DATA IN THIS EXERCISE:
_____

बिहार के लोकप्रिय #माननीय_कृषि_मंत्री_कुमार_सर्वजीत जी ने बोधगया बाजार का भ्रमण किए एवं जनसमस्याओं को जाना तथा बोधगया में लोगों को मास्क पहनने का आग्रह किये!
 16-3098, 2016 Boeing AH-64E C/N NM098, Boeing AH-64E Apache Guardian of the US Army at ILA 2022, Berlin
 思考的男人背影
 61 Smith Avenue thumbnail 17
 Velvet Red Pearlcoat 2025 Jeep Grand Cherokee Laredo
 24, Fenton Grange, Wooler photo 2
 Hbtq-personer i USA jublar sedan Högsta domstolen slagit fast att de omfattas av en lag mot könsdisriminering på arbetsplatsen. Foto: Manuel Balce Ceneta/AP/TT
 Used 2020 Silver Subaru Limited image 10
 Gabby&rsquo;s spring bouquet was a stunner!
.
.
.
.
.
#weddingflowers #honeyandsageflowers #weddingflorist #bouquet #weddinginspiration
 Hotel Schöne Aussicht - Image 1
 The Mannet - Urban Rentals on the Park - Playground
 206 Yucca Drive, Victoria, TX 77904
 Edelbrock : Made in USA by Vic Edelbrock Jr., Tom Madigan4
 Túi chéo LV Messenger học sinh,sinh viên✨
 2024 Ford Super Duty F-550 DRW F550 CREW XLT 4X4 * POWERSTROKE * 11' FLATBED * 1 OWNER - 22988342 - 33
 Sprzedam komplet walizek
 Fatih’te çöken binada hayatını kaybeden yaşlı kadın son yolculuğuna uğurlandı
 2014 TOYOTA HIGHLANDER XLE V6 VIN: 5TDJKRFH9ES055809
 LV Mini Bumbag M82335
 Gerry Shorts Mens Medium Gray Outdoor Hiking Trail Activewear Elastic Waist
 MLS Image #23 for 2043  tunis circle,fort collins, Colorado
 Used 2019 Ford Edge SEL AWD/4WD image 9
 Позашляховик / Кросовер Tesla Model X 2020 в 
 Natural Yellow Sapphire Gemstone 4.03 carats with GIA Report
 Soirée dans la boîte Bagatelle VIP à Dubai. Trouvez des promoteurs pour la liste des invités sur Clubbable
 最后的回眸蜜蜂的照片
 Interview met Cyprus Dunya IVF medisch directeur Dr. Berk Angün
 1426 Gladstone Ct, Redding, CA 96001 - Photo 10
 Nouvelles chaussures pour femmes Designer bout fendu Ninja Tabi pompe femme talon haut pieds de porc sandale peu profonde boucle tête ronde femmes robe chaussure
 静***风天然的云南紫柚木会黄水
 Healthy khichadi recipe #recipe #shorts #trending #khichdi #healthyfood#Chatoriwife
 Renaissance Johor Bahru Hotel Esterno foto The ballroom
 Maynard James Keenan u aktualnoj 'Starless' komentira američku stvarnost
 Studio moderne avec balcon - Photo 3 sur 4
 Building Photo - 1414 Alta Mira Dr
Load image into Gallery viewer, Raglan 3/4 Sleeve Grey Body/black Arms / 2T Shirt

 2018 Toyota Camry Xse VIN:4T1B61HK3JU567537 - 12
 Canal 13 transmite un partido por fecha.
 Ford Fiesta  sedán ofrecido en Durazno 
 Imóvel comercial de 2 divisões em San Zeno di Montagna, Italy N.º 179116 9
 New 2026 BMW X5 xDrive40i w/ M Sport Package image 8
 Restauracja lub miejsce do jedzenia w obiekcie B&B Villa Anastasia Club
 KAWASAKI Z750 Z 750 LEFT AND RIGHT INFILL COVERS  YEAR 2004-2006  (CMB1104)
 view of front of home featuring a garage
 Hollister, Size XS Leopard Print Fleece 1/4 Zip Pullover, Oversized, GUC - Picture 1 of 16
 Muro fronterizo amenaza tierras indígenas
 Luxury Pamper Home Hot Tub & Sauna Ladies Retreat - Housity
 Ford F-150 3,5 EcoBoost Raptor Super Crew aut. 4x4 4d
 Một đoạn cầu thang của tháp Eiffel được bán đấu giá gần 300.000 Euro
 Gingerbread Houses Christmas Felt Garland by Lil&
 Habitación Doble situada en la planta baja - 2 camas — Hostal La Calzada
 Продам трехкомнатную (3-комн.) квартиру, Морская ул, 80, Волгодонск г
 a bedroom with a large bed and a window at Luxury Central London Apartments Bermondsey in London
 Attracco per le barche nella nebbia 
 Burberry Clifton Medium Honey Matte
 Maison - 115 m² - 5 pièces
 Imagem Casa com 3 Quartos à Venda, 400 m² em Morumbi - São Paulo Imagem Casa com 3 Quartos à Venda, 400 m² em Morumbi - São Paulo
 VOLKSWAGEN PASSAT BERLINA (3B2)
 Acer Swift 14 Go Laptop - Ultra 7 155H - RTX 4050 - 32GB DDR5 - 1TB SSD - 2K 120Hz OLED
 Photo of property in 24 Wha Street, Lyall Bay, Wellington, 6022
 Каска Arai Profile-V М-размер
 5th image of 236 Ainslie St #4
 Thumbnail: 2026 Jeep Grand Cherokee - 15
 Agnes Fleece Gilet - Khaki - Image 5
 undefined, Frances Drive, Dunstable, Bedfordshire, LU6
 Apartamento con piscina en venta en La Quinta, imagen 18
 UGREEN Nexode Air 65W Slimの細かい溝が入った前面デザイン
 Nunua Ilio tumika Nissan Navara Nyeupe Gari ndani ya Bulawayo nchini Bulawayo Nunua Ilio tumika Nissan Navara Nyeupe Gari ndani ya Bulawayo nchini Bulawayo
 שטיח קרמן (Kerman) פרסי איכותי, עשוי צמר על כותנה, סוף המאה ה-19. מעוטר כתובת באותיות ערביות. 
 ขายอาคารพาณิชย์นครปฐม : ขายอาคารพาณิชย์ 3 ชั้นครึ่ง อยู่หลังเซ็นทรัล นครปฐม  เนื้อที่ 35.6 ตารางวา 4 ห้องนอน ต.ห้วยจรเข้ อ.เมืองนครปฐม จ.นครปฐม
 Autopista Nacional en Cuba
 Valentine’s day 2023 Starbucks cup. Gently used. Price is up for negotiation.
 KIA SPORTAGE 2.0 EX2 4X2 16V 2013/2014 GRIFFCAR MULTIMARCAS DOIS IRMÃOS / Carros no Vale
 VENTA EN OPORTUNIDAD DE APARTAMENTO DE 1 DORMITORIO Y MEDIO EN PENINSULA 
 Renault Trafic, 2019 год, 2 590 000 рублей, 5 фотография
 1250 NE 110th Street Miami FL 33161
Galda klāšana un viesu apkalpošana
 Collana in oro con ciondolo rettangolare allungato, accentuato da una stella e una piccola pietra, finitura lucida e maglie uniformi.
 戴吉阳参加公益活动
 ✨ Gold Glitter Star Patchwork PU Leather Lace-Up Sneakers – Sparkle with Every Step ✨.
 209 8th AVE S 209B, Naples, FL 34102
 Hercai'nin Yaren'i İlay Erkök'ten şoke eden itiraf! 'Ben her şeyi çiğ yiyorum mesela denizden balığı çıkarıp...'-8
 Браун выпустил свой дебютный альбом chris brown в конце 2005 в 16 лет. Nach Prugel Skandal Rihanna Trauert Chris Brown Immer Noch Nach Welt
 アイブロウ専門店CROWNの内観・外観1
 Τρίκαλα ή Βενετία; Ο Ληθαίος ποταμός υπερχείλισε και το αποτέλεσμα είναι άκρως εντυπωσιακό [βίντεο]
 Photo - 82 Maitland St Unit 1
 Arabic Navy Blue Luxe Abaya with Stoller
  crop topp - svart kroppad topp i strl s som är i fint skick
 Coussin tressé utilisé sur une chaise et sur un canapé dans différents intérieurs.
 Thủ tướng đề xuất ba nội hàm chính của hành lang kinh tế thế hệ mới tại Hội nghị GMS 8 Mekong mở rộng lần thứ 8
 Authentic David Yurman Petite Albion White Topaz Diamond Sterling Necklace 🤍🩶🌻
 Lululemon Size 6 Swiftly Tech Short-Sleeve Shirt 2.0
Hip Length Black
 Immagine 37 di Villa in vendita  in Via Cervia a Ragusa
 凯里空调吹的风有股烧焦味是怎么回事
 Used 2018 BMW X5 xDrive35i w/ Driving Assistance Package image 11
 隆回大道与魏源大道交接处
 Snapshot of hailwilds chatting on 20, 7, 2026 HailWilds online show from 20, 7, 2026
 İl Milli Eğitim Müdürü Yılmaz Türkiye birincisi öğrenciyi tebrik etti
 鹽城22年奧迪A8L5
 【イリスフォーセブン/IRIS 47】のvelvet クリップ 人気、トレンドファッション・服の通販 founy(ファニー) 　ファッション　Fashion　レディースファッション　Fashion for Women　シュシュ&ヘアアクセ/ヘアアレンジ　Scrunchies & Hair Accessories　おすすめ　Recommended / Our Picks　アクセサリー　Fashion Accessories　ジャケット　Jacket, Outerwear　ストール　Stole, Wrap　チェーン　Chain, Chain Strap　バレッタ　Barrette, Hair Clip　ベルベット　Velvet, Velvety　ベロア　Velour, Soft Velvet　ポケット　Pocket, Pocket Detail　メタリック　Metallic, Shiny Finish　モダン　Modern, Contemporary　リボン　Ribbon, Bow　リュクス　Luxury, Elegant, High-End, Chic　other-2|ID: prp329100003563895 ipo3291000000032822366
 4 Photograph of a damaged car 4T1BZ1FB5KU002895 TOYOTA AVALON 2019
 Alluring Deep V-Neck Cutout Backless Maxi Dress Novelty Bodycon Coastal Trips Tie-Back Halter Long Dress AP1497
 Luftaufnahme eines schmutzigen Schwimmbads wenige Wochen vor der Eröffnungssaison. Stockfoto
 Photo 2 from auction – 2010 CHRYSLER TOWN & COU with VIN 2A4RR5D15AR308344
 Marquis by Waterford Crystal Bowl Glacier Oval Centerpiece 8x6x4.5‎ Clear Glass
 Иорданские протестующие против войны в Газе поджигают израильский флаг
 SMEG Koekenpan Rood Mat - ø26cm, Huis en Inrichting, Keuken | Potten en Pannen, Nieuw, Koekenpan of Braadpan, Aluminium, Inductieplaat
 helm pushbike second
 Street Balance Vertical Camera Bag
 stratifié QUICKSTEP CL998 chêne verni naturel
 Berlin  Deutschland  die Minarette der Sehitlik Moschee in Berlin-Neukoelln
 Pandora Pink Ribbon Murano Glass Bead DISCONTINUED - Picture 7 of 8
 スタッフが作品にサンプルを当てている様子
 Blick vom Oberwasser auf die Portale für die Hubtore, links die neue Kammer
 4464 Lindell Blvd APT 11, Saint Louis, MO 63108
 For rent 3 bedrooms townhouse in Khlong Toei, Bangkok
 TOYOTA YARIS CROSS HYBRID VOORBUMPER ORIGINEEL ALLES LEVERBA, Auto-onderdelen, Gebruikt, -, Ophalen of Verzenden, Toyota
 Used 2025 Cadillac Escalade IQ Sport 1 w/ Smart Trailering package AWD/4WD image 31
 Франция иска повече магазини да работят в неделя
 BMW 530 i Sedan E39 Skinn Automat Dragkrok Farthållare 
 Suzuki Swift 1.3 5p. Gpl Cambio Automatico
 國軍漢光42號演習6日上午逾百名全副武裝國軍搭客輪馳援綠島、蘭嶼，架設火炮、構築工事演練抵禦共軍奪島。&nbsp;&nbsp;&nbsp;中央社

_____

PROBLEM DETAILS: Among the lines above, find those that contain the word "Super" and copy them.

RESPONSE TO THIS TASK:
 2024 Ford Super Duty F-550 DRW F550 CREW XLT 4X4 * POWERSTROKE * 11' FLATBED * 1 OWNER - 22988342 - 33
 Ford F-150 3,5 EcoBoost Raptor Super Crew aut. 4x4 4d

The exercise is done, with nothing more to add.